When you think about solar energy, you may automatically relate it to heat or warmth created by the sun. So, what is heat? Heat is actually a form of kinetic energy. It is the motion of molecules that travel by radiation when the sun shines on an object. Heat that is transferred through solids is called conduction, heat transferred through moving gas or liquid is called convection, and heat transferred through space is called radiation. Another word for the transferring of heat is called absorption.

Heat transfer example

All three types of heat transfer can be demonstrated with one cup of tea. Imagine you are warming up a hot cup of delicious tea. First, you would warm up a cup of tea in a microwave. A microwave oven heats water through radiation. This is how the sun’s radiation reaches the earth. Radiation is solar energy that travels as electromagnetic waves. In this way, energy from the sun reaches the earth. The water molecules vibrate with the waves, and the friction from the motion heats up the tea inside the cup. When the cup of water is removed from the microwave, heat is transferred from the tea to the surrounding air through convection and radiation. In convection, heat travels by actual flow of the warmed fluid (either a liquid or a gas). Convection causes warm air to rise and cool air to fall. If a metal spoon is placed in the tea, the spoon is heated through conduction. Heat travels from the hot to the cold end of the spoon because the hotter molecules are moving at a greater speed. They bump into the cooler molecules and cause them to move faster. As the fast molecules jostle the slow ones, heat moves up the spoon.
Can you think of ways that other materials are used to capture heat energy or protect us from it? What is different about these materials? Can you think of some examples?

Heat absorption experiment

Let’s experiment with different colors and objects below to determine which materials will absorb or reflect heat.

Materials needed

  • One sheet of black construction paper
  • One rock
  • One sheet of white construction paper
  • One glass of water
  • One sheet of aluminum foil

Step 1

Place one sheet of black construction paper, one rock, one sheet of white construction paper, a metal spoon, a glass of water, and one sheet of aluminum foil out on a table on a bright sunny day (making sure all are under direct sunlight).

Step 2

Leave objects out for 60 minutes.

Step 3

Go back outside, pick up each item and feel each object (be careful: some may be hot) and evaluate the amount of heat that each material absorbed or reflected and come up with some conclusions why.

Conclusion

As you can see from this experiment, different materials have different specific heat capacities.
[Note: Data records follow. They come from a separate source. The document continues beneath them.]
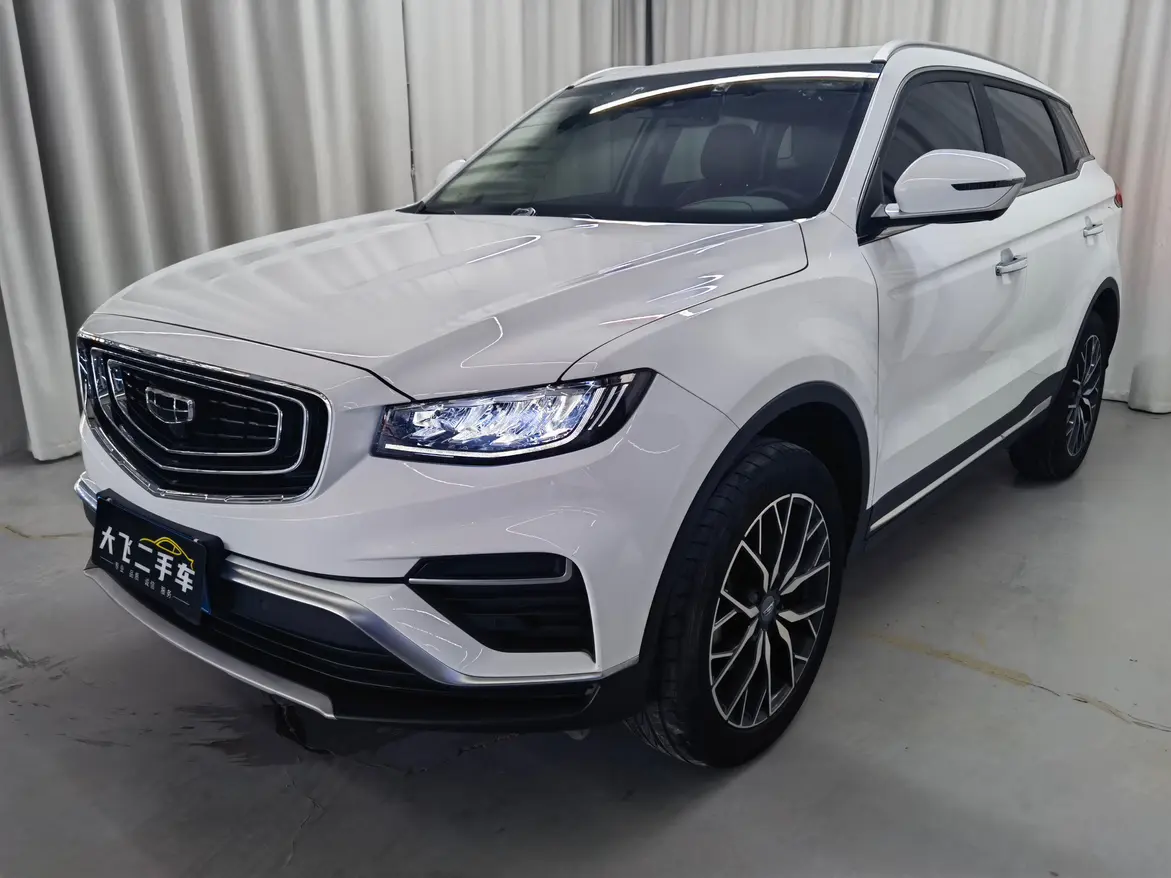 Geely Atlas (Boyue)  из Китая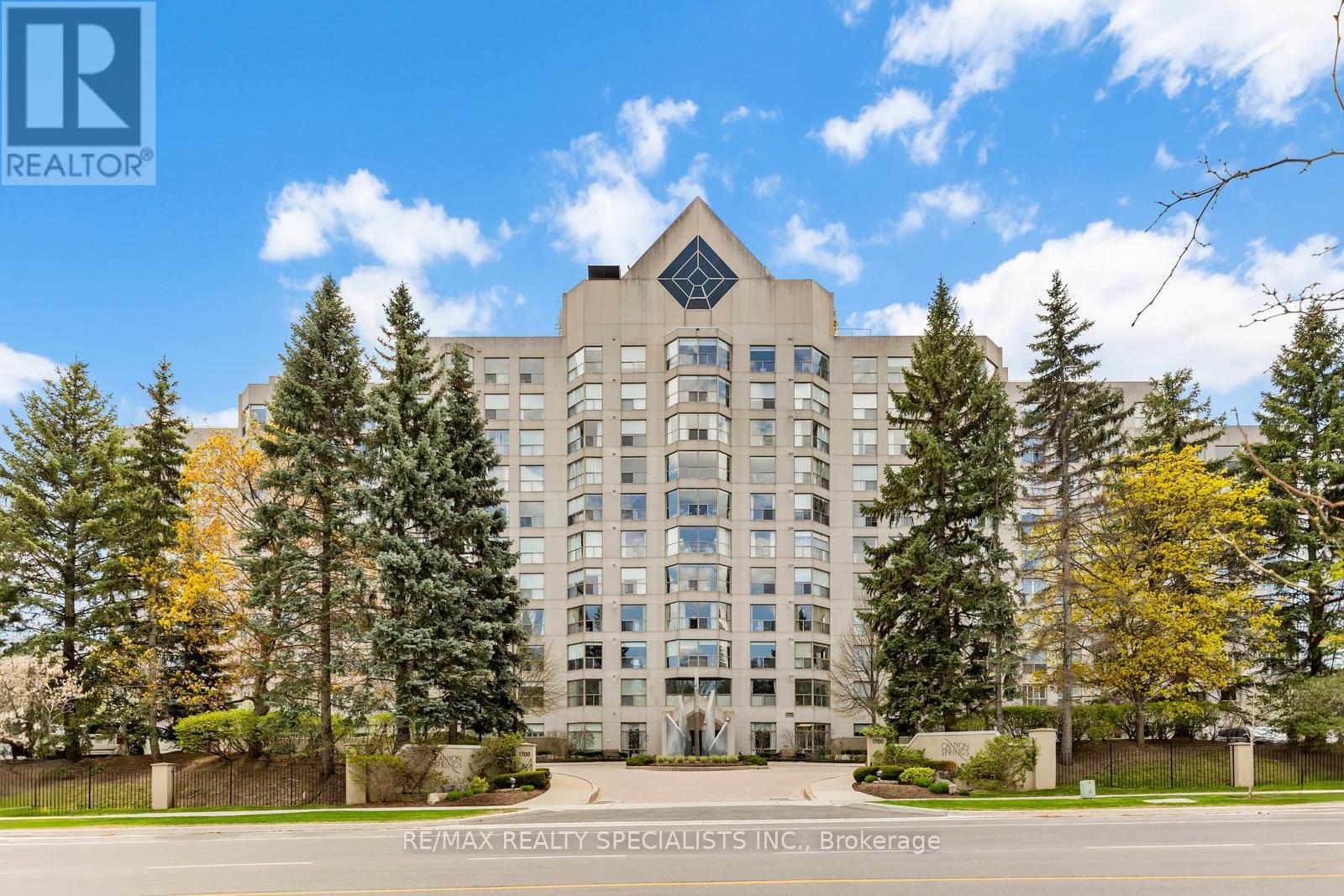 Property image for 506 - 1700 THE COLLEGEWAY|Mississauga (Erin Mills), Ontario L5L4M2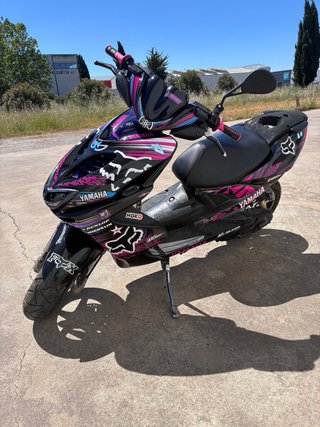 Yamaha Aerox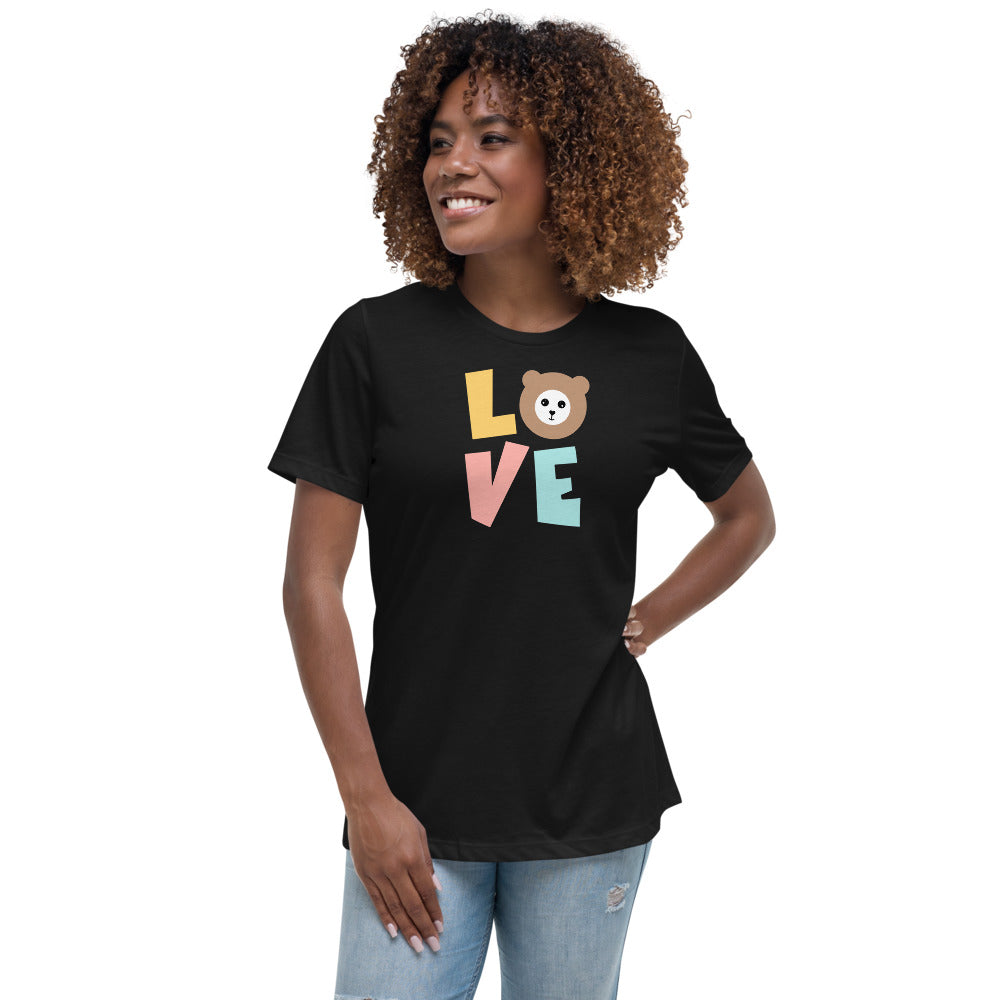 LOVE by Misa Women's T-Shirt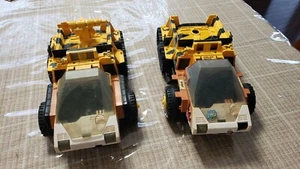 Vintage 1985 GI Joe Tiger Force Tiger Cat Vehicle (×2) - Picture 1 of 4
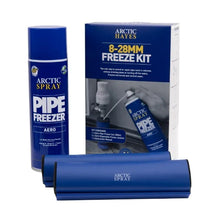 Load image into Gallery viewer, Arctic Freeze Kit (Upto 1&quot; Pipework)
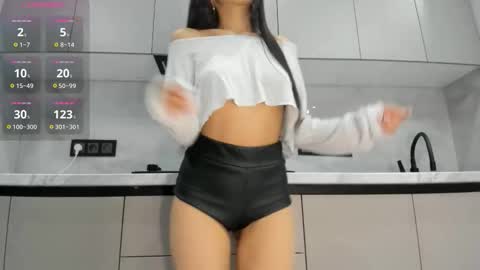 Mia online show from October 11, 12:15 am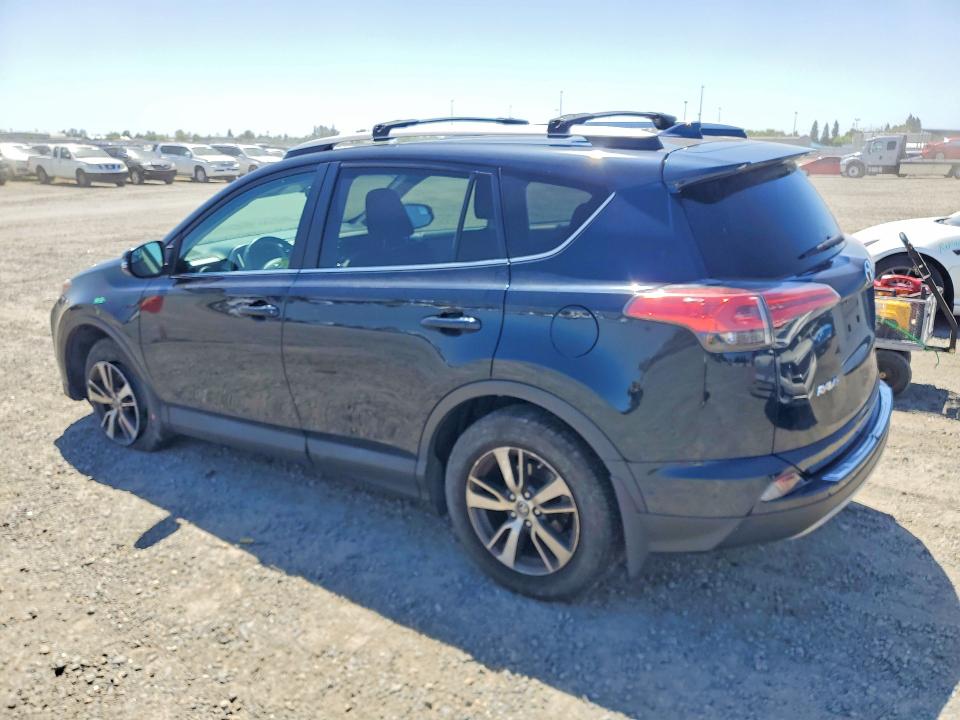 Продажа на аукционе авто 2017 Toyota Rav4, vin: 2T3WFREV4HW346304, номер лота: 52007386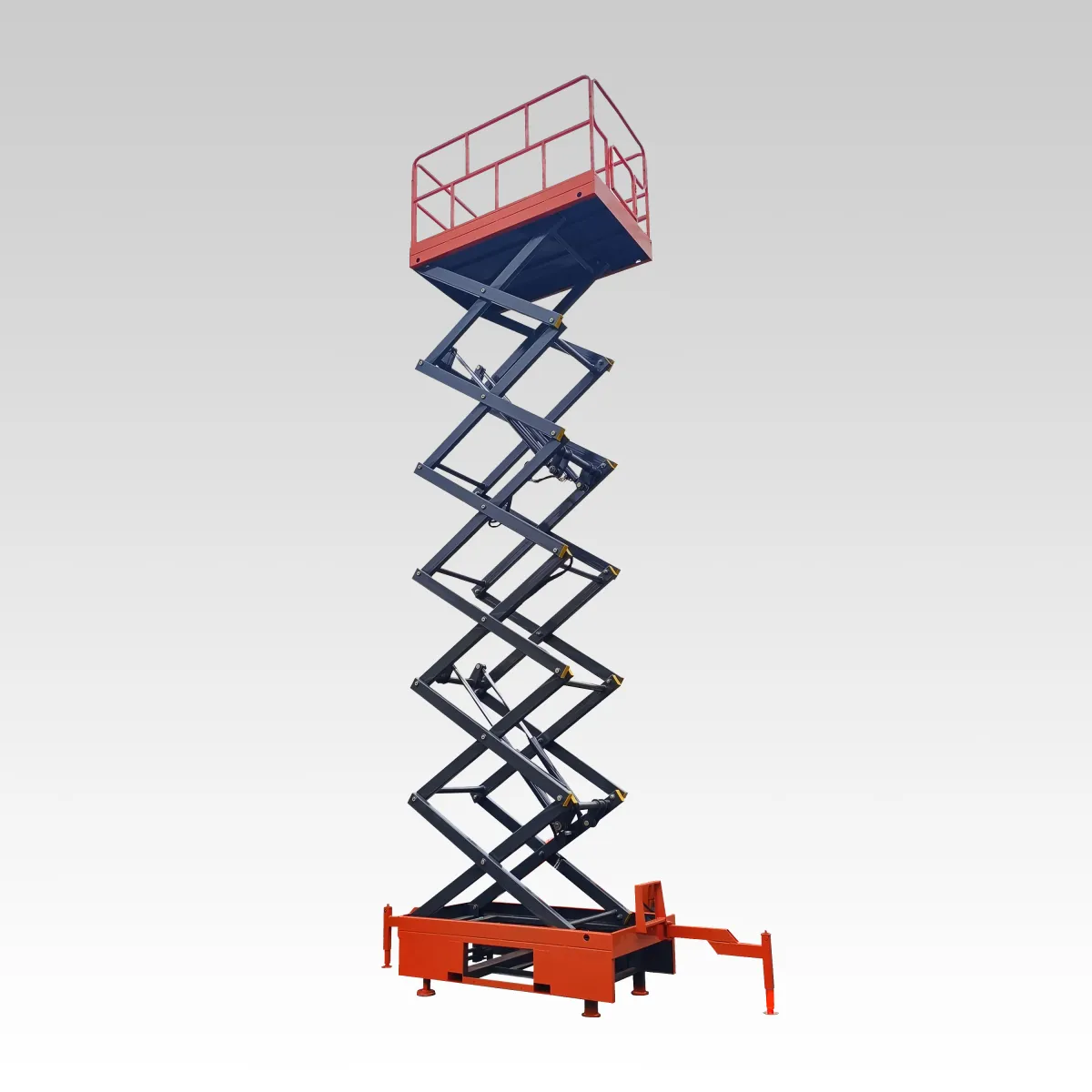 0225 Aerial Work Platform — HCN engineering attachment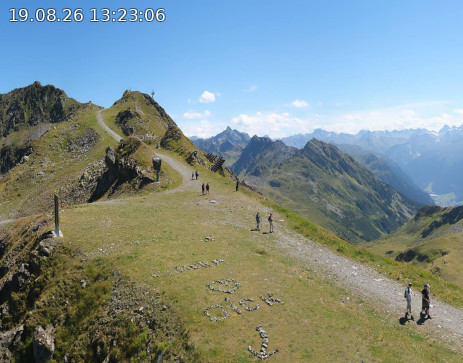 Silvretta Montafon: Panoramabahn 360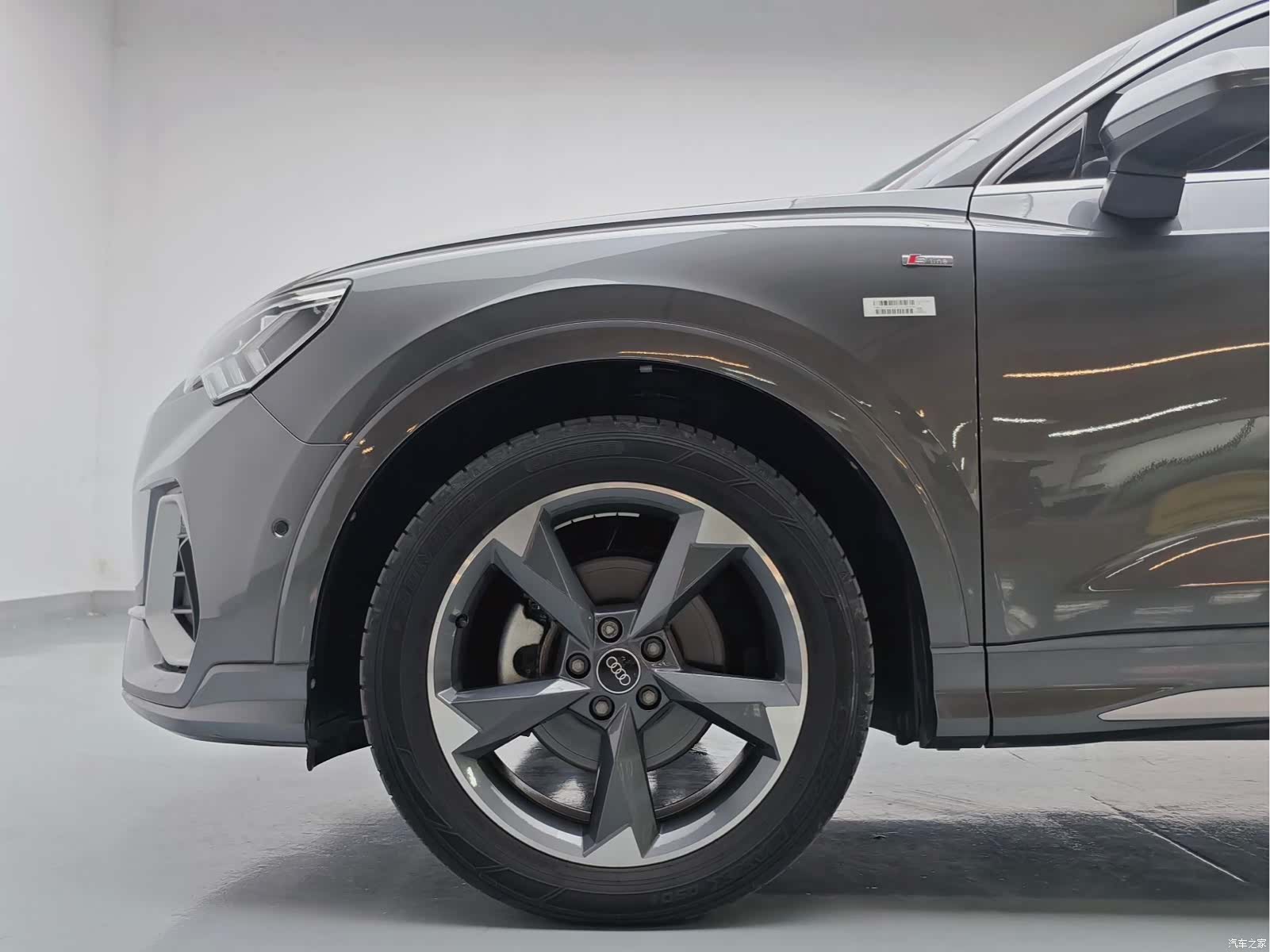 Audi Q3, 2023 7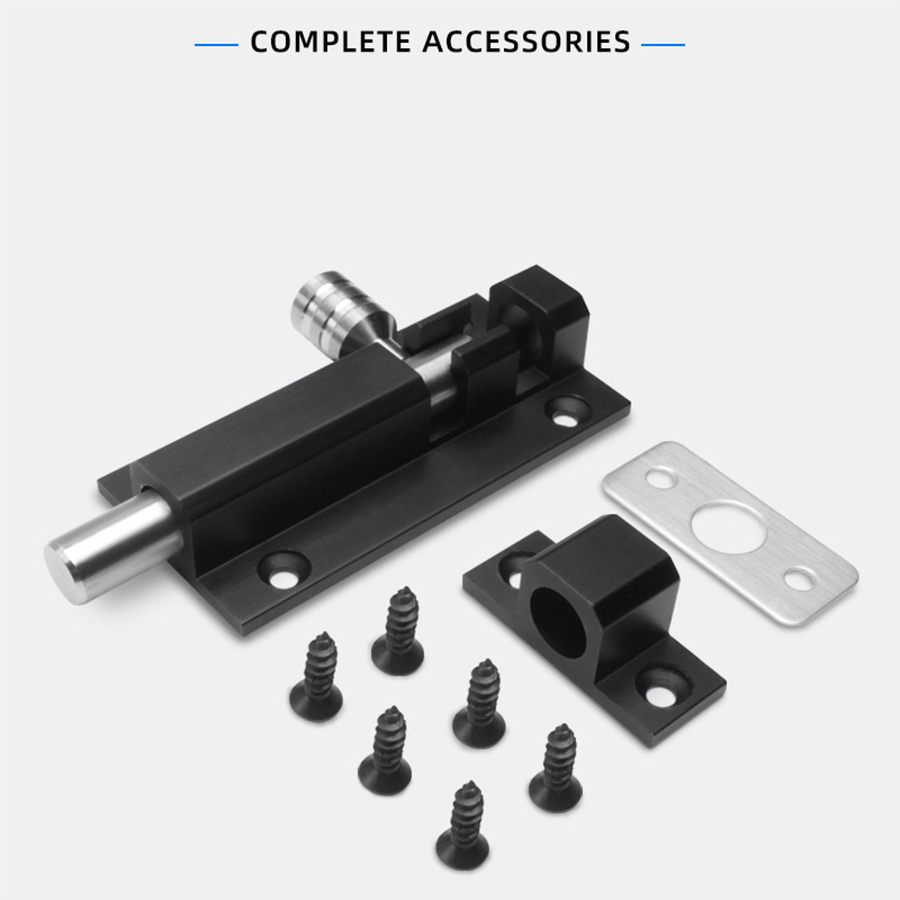 1pc Sicherheit Tür Riegel Vers – Door Reinforcer Kit Bewertung und Preis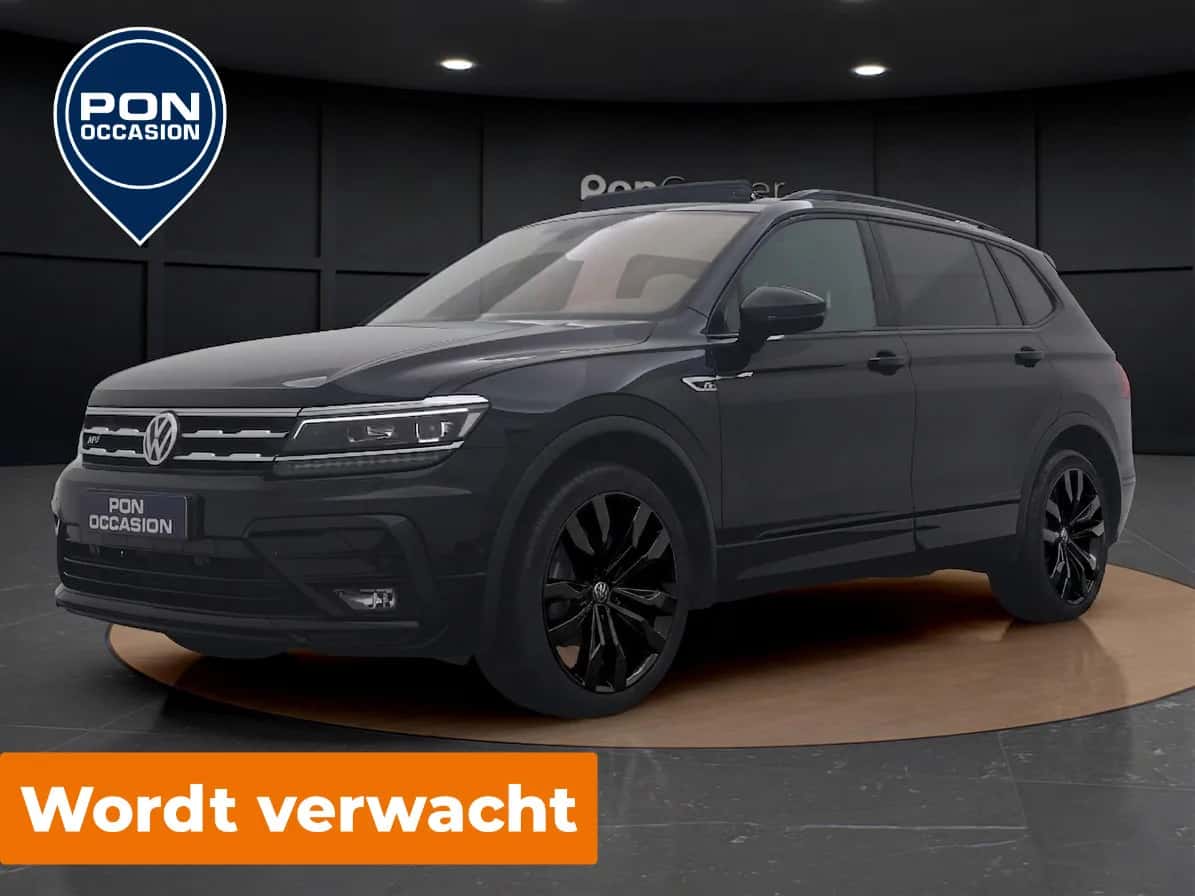 Volkswagen Tiguan (2021) — foto 1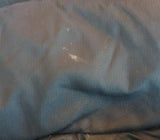 Parca Negra Relleno de Plumas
Materials with low specific heat such as metals require less heat to raise their temperature than materials with high specific heat, such as water. You will also find that solar energy can be absorbed, transmitted, or reflected from a material. Below are examples that illustrate each of these properties:
  • Smooth metal will reflect light (for example, a mirror). Reflection is defined as heat, light, or sound that is thrown back without absorbing it.
  • Glass will transmit energy.
  • Darker colors will absorb energy.
  • Aluminum foil may act as a good insulator. Insulators retain (or keep) heat in.

Solar stadium challenge

Use what you have learned about solar heat transfer and heat absorption in materials to complete the following challenge:

Synopsis

Imagine that you are a structural engineer and your company desires to bid on a construction project to design and construct the shell of a new football stadium which will be housed in Anchorage, Alaska. As a potential location for a new National Football League (NFL) team franchise, the Alaskan Wolverines, this stadium will be primarily heated by solar power. Solar power will be the most important part of the design because it is a renewable energy source; the sun has maximum exposure in this geographical area, and will be more cost effective to operate. Your solar stadium will need to keep fans warm during the harsh winters and will need to use the sun’s strong rays to retain that warmth. Because the goal is to keep fans warm, the solar stadium cannot be an open-air stadium like Levi’s® Stadium—it must be enclosed.
After you design and construct a prototype (model) of your solar stadium, you will test its ability to absorb and retain heat. After your stadium is exposed to light for a specific period of time, you will test how well your design retains heat by putting one chocolate chip inside the stadium. The goal is to slightly melt the chocolate chip to ensure it is retaining heat and that your stadium design will keep fans warm. If your chocolate chip fully melts, that means it has absorbed too much heat. If your chocolate chip doesn’t melt at all, that means your design reflected more light than it absorbed or that heat escaped in some manner. Take your time with your prototype design, because your design will determine the comfort of thousands of fans coming to enjoy the game.

Criteria

A. Design and construct a model solar stadium that will absorb and retain heat for fan comfort.
B. Your goal is to first make the stadium hot enough to warm up the inside of your solar stadium to test. You will use a 200-watt lamp in place of the sun for testing. Your model must meet the following design goals:
  1. The base of the stadium model should be no more than 15 cm by 15 cm.
  2. The lamp must be 30 cm above the roof of the model.
  3. There should be a way to insert a thermometer into your model for testing.
  4. Your goal is to let light/heat into the box and store it for a specific time period
  5. You should make a window so you can place your testing material (which is a chocolate chip--that is mentioned above) into the solar stadium after the initial 5 minute heating to see the results of heat retention (refer to testing procedures below).

Materials

  • Cardboard
  • Packing Foam
  • Clear plastic (saran wrap, transparency, or report covers)
  • Aluminum foil
  • Construction paper (black)
  • Sand
  • Ruler
  • Pencil
  • Scissors
  • Masking tape
  • Lamp with 200-watt light bulb
  • Thermometer
  • Watch with second hand or stopwatch
  • Chocolate Chips

Step #1: Identify the problem and generate ideas

Understand the problem, test different materials options that you can use included in the material list and see how well they absorb, reflect, and insulate. Come up with initial design solutions. Your goal is to let heat and light into your solar stadium and trap it there. You will test different materials to see what works best, and you will record the temperature inside your stadium while testing your design solution.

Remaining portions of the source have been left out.